Iterators are iterables
>>> numbers = [1, 2, 3]
>>> iterator = iter(numbers)
>>> iterator2 = iter(iterator)
>>> iterator2
<listiterator object at 0x7f92db9bf350>
>>> iterator is iterator2
True
- **Iterators** are also **iterables**
- Which means that we can get an iterator from an *iterator* using the built-in `iter` function **(click)**
- Just like we can with any other iterable **(click)**
- So we can also call `iter` on an *iterator* to ask **it** for an iterator
- When we *do that* **(click)** , it will give us **itself** back **(click)**
- Iterators are iterables and their iterator is themselves
- Iterators are their own iterators
Iterators are their own iterators
def is_iterator(iterable):
return iter(iterable) is iterable
- This fact that I've neglected to mention so far, that iterators are also iterables... this is the last key part of Python's **iterator protocol**
- If you ask an iterable for an iterator and it gives you *itself* back, that iterable **must** be also an iterator
- All iterators are iterables
- And all iterators are their own iterators
- Who's confused right now?
- Who wants me to say the words iterator and iterable a few more times?
- The similarity between these words makes talking about these stuff a little confusing sometimes
- So iterables are something you can loop over.
- Iterators are the thing that helps you loop over an iterable.
- But iterators are *also* something you can loop over.

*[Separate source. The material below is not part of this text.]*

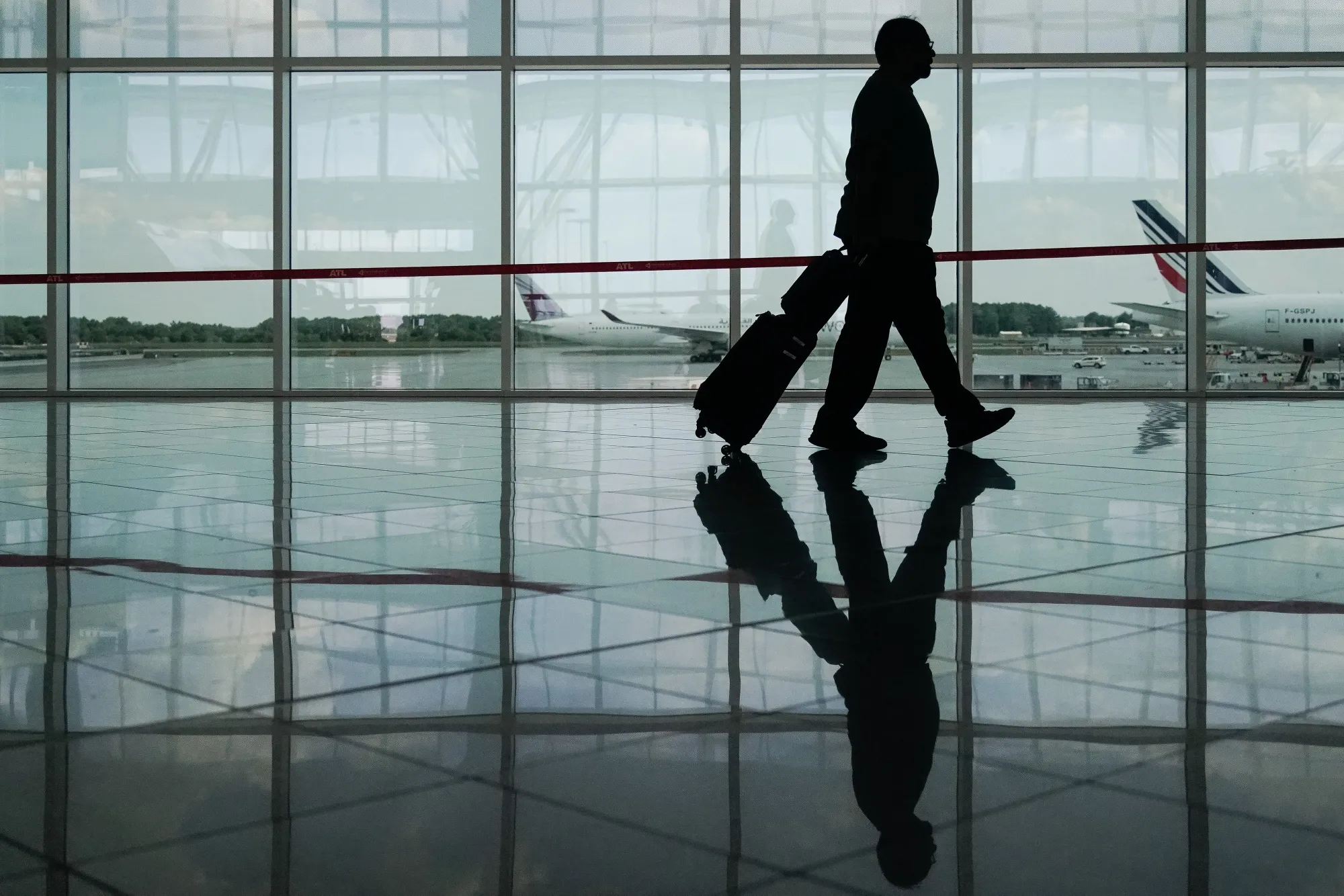 Many executives find taking a genuine vacation a tricky proposition given the weight of their responsibilities.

All iterators are also iterables.
- Let's talk about why that matters
Iterators are single-purposed
>>> numbers = [1, 2, 3, 5, 7]
>>> iterator = iter(numbers)
>>> len(iterator)
TypeError: object of type 'list_iterator' has no len()
>>> iterator[0]
TypeError: 'list_iterator' object is not subscriptable
>>> next(iterator)
1
>>> list(iterator)
[2, 3, 5, 7]
>>> list(iterator)
[]
- So iterators are iterables, but they have no idea how many items they contain
- **(click)** So they have no length
- **(click)** They also can't be indexed
- The only things you can do with iterators are:
- call `next` on them **(click)**
- and loop over them **(click)**
- And if we loop over an iterator a second time, we'll get nothing back **(click)**
- You can think of iterators are **lazy iterables** that can be looped over **one time only**
- Iterators are lazy iterables that can *only* be looped over once, and then they're done
The truth
Object
Iterable?
Iterator?
Iterable ✔️ ❓
Iterator ✔️ ✔️
Generator ✔️ ✔️
List ✔️ ❌
- So some quick review
- So iterables are not necessarily iterators
- But iterators are always iterables
- For example generators are iterators
- But lists are not iterators
- Iterables are not *always* iterators, but iterators *are* always iterables
So...why do we care?
- Okay this is all a little bit confusing
- And I still haven't really answered the question of...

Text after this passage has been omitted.